Pork With Tomato & Fennel Sugo:
Rub the entire pork shoulder with a tablespoon of olive oil, season the entire surface area liberally with salt and pepper, and place in the roasting pan, fat side up. Arrange the vegetables around the roast in the pan, drizzle and toss with another tablespoon of olive oil, and season with salt and pepper. Roast the shoulder and vegetables uncovered for 20 minutes until the vegetables begin to take color and the pork roast is browned.  
 
Reduce the oven to 350 °F.  
 
In a large bowl, mix together tomatoes, wine, a tablespoon of olive oil, and the rosemary. Season with salt and pepper. Pour evenly over the roast and vegetables in the pan. With heavy duty foil, tightly seal the roasting pan and roast for 5 hours. 
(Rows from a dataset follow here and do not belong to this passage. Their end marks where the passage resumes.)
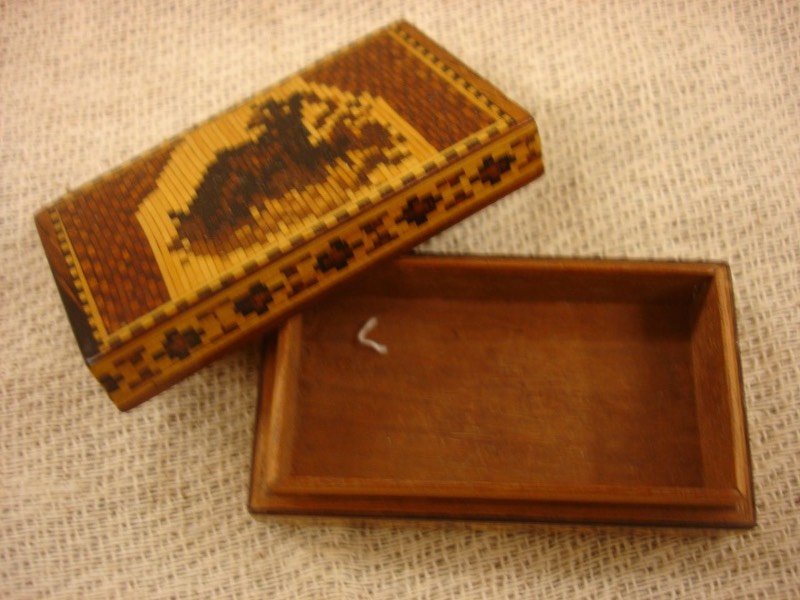 Tunbridge ware Large Stamp Box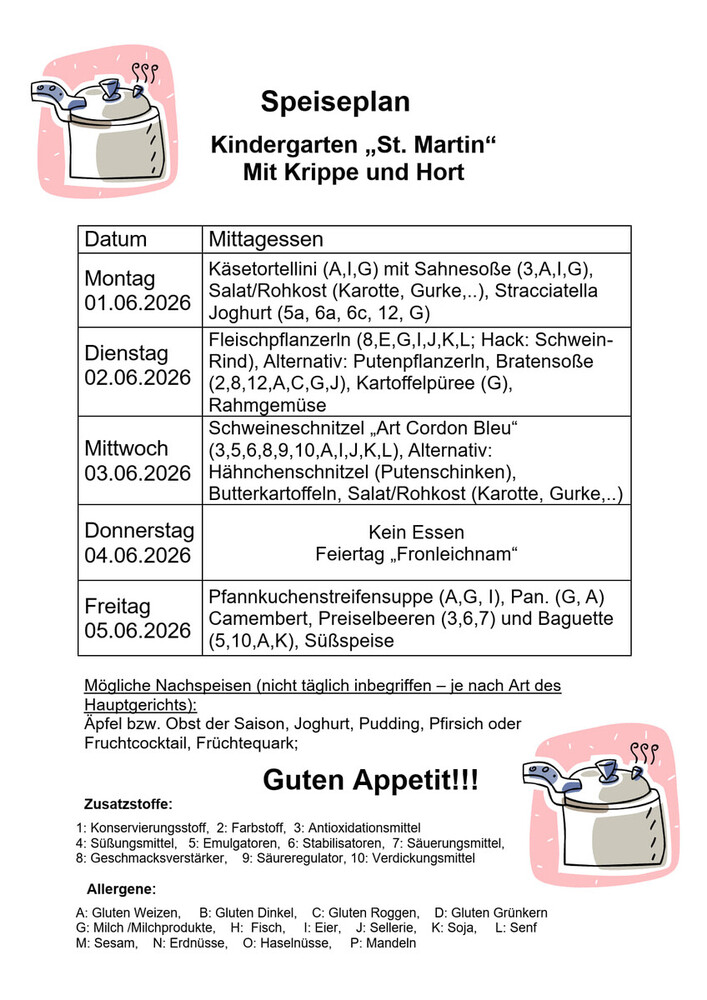 Speiseplan vom 01.06. - 05.06.2026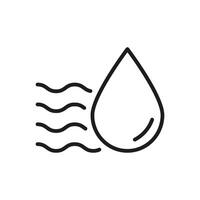 Water Droplet With Waves Line Icon. Humidity, Moisture, And Air Quality Control Outline Symbol. Environmental Monitoring And Climate Regulation. Editable Stroke. Isolated Illustration vector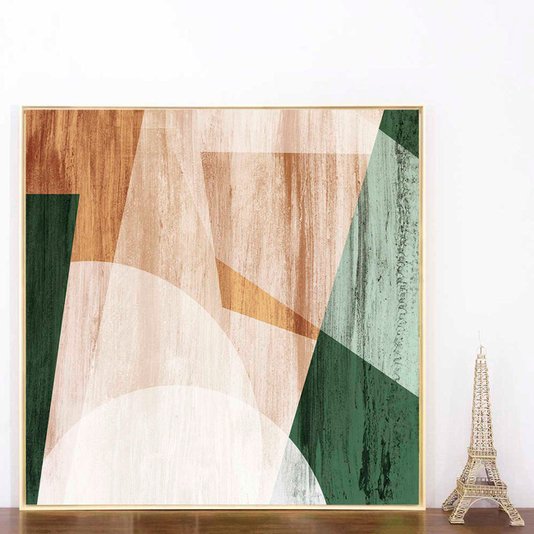 Quadro Abstrato Geométrico em Tela Canvas com Moldura Natural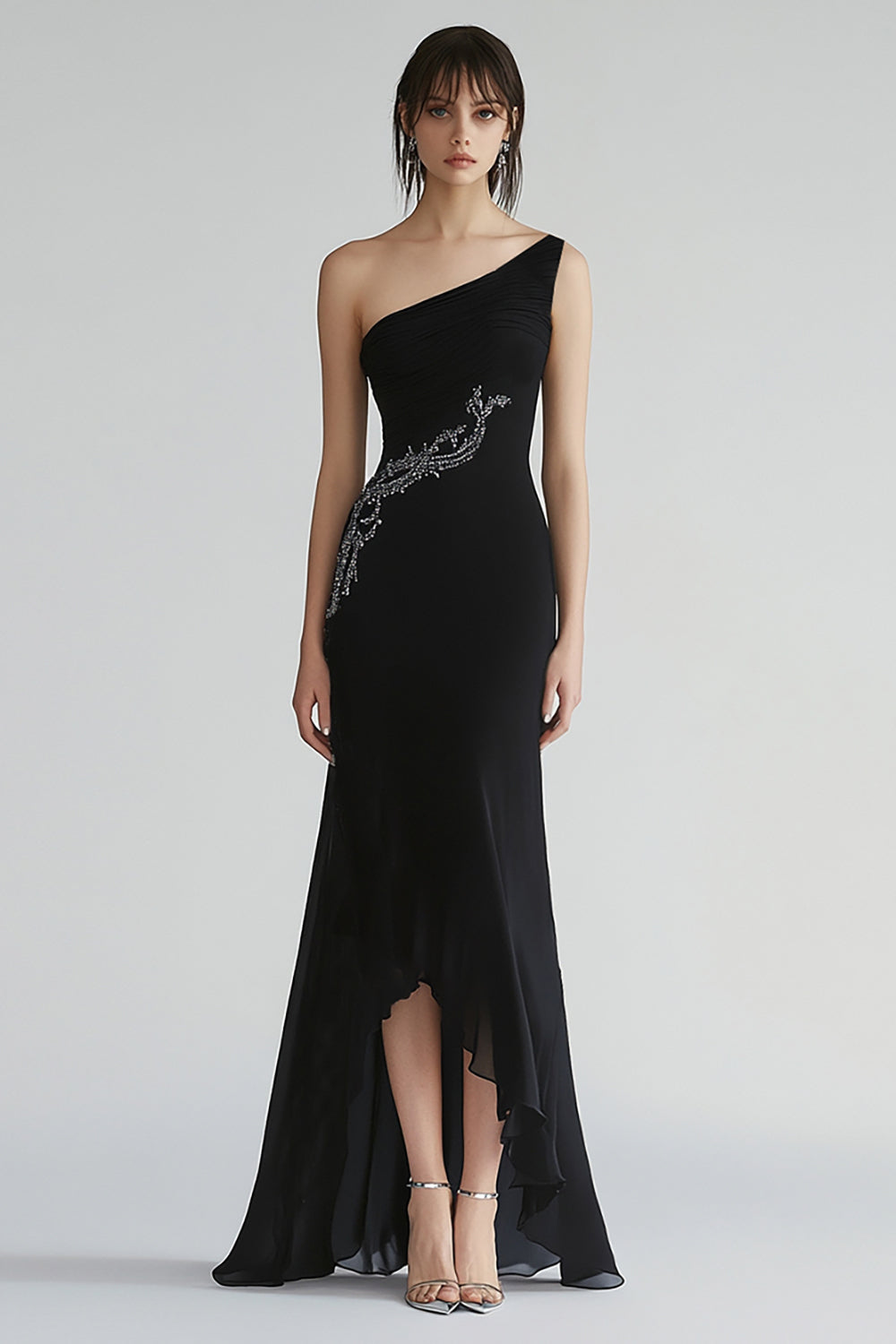 Glitzer Chiffon Eine Schulter Lange Schwarz Krawattenkleid mit Perlen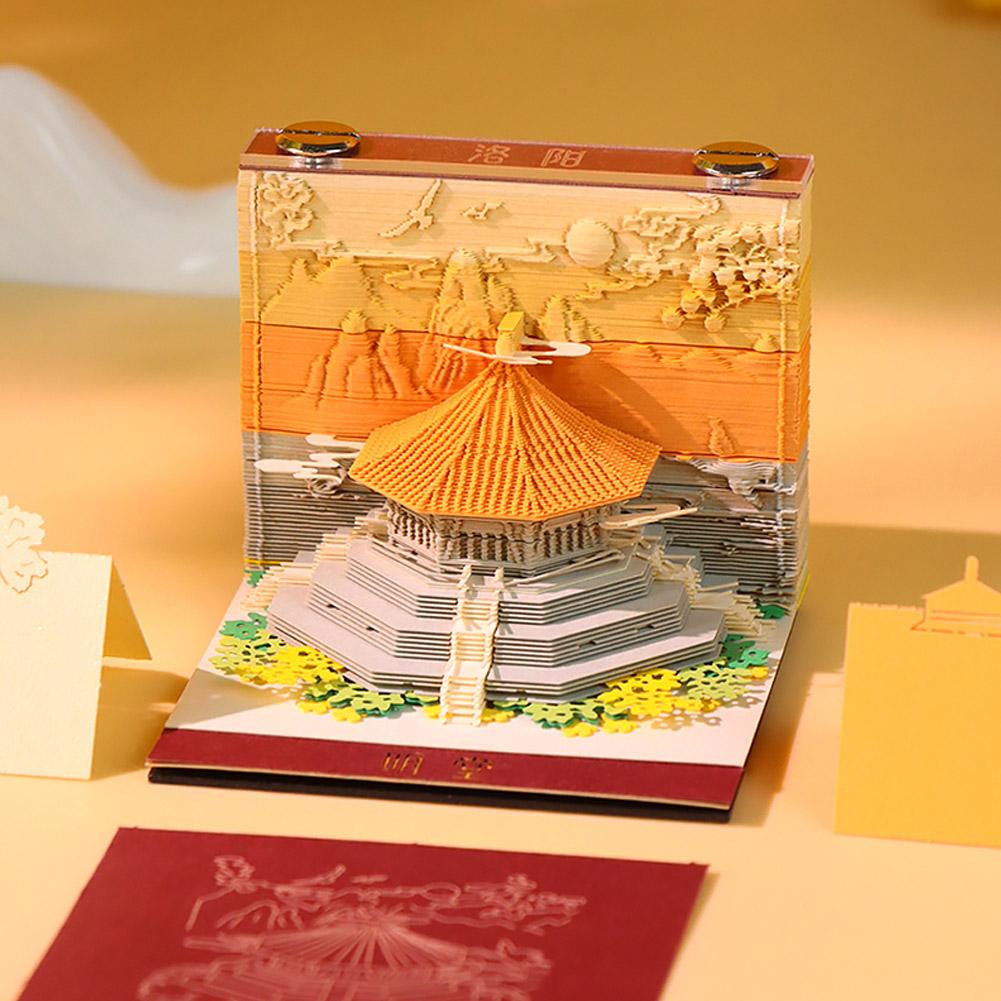 Sticky Memo Holder - 3D Memo Pad Oude Architectuur Papier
Meanwhile, make the polenta.
 
Fried Polenta:
In a 3+ quart saucepan, heat one tablespoon olive oil. Sauté the onion until translucent, about 3 minutes. Add garlic and sauté for another minute. Add broth and bring to a simmer.  While stirring constantly, add the polenta in a steady stream. Continue stirring constantly for 20-25 minutes until the polenta is thick.  
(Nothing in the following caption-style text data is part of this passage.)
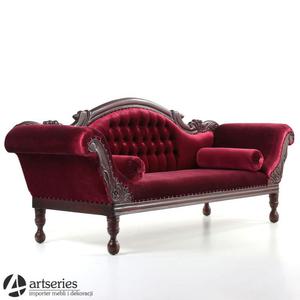 Antyczna sofa, kanapa stylowa z drewna, czerwona tapicerka 117064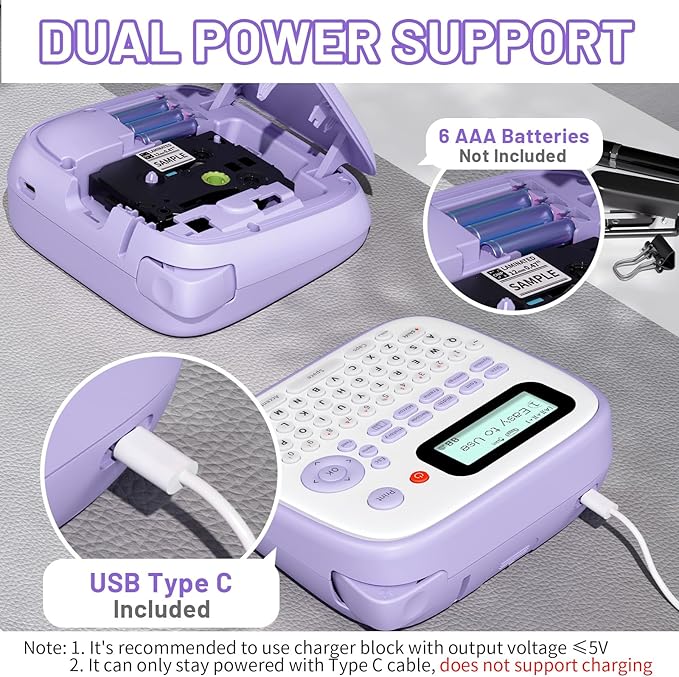 Label Maker Machine with-Tape Waterproof, Desktop Label Maker, Portable Labelmaker Purple for Teachers Kids Classroom, Labeler with Multiple Symbols &Fonts for Home Office School Use, D210S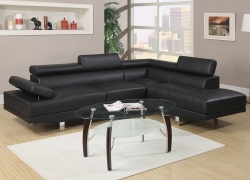 Poundex Bobkona Atlantic Black Leather Sectional  2-Piece Sofa Review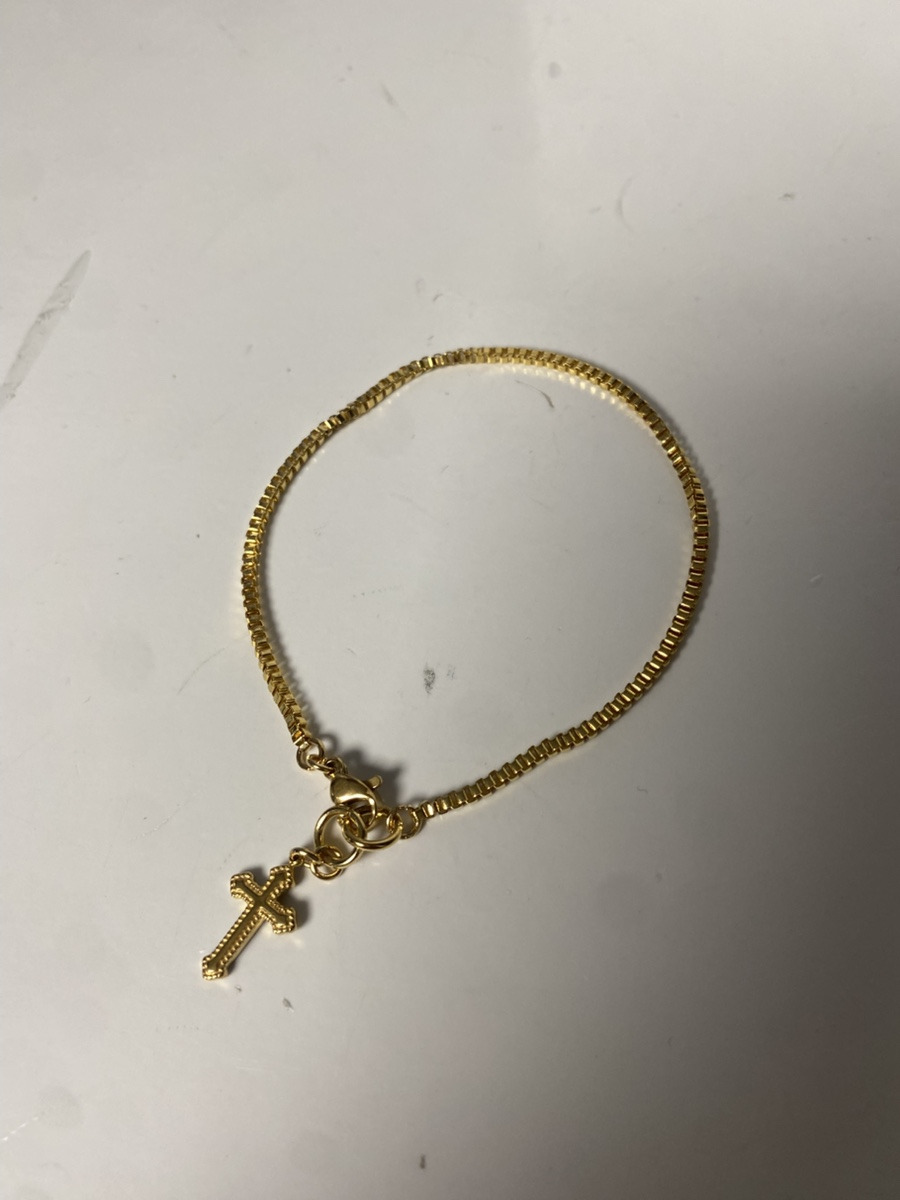 글로리아덴 써지컬스틸 [남여공용] cross gold box chain 팔찌 / GHMB-214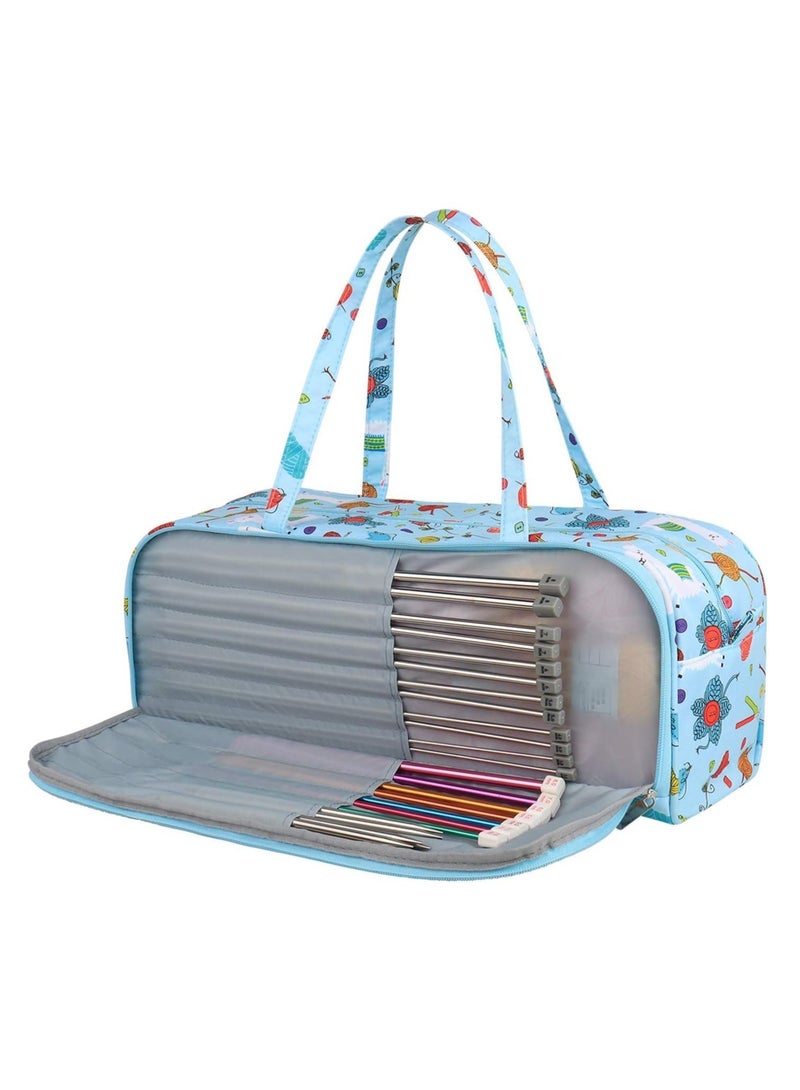 SOLARAE Knitting Bag Knitting Bags for Wool and Needles Storage With Handy Compartment Crochet Bag with Side Pocket Knitting Organizer Lightweight for Extra Long Knitting Needles and Hooks - Image 1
Add cheese, the remaining tablespoon of olive oil, and season with additional salt and pepper to taste. Immediately pour the polenta in to a 9"x13" baking dish and allow to cool. Refrigerate covered in plastic wrap.
Cut the polenta in to sqaures approximately 3"x 3" in size. Heat 2" of olive oil to   350°F on a deep fry thermometer in a heavy, deep sided frying pan. Fry the polenta slices a few at a time, approximately 3-5 minutes per side until golden brown.
 
Shred the pork and serve over the fried polenta.